Reconstructing the timing
of large-scale ocean and atmospheric circulation change
across the Younger Dryas

By:
Dr. Matthew Schmidt
Texas A&M University

When: Friday, Oct. 28, 2011, 10:30 a.m. to 11:30 a.m.
Join us for coffee beginning at 10:00 a.m.
Where: Seminar Conference Room, 10100 Burnet Road, Bldg 196-ROC, Austin, Texas 78758
Host: Charles Jackson, UTIG

Live Broadcast

image from Matthew's talk

Abstract
The prevailing paradigm of abrupt climate change holds that rapid shifts associated with the most extreme climate swings of the last glacial cycle were forced by changes in the strength and northward extension of Atlantic Meridional Overturning Circulation (AMOC), resulting in an abrupt reorganization of atmospheric circulation patterns with global teleconnections. To determine the timing of tropical Atlantic atmospheric circulation changes over the past 21 ka BP, we reconstruct high resolution sea surface temperature and d18OSW (a proxy for surface salinity) records based on Mg/Ca ratios and oxygen isotope measurements in the planktonic foraminifera Globigerinoides ruber from a sediment core located on the western margin of the Florida Straits. As a proxy for meltwater discharge influence on Florida Straits surface water salinity, we also measured Ba/Ca ratios in G. ruber from the same core. Results show that riverine influence on Florida Straits surface water started by 17.2 ka BP and ended by 13.6 ka BP, 600 years before the start of the Younger Dryas (YD) cold interval. The initiation of the YD is marked by an abrupt increase in Florida Straits d18OSW values, indicating a shift to elevated sea surface salinity occurring in 130 years, most likely resulting from increased regional aridity and/or reduced precipitation.
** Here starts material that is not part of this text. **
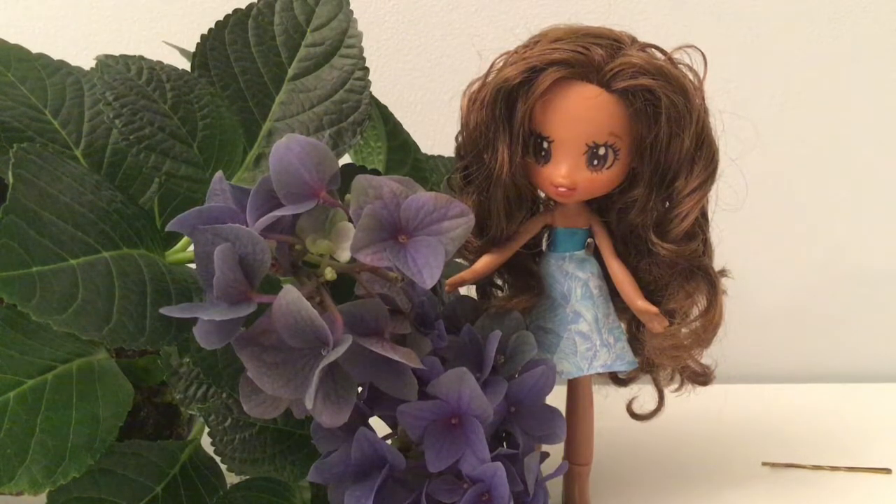If you are interested in customizing dolls and toys, please subscribe to my channel, and if you like my video please give it a thumbs up. I wish you all a nice day and hope to see you again soon. Bye bye!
In order to resolve the timing of tropical atmospheric circulation change relative to AMOC variability across this transition, we compare the timing of surface water changes to a recently published record of Florida Current variability in the same core reconstructed from benthic oxygen isotope measurements [Lynch-Stieglitz et al., 2011]. We find synchronous changes in atmospheric and ocean circulation on the transition into the YD, consistent with an abrupt reduction in AMOC as the driver of tropical Atlantic atmospheric circulation change at this time.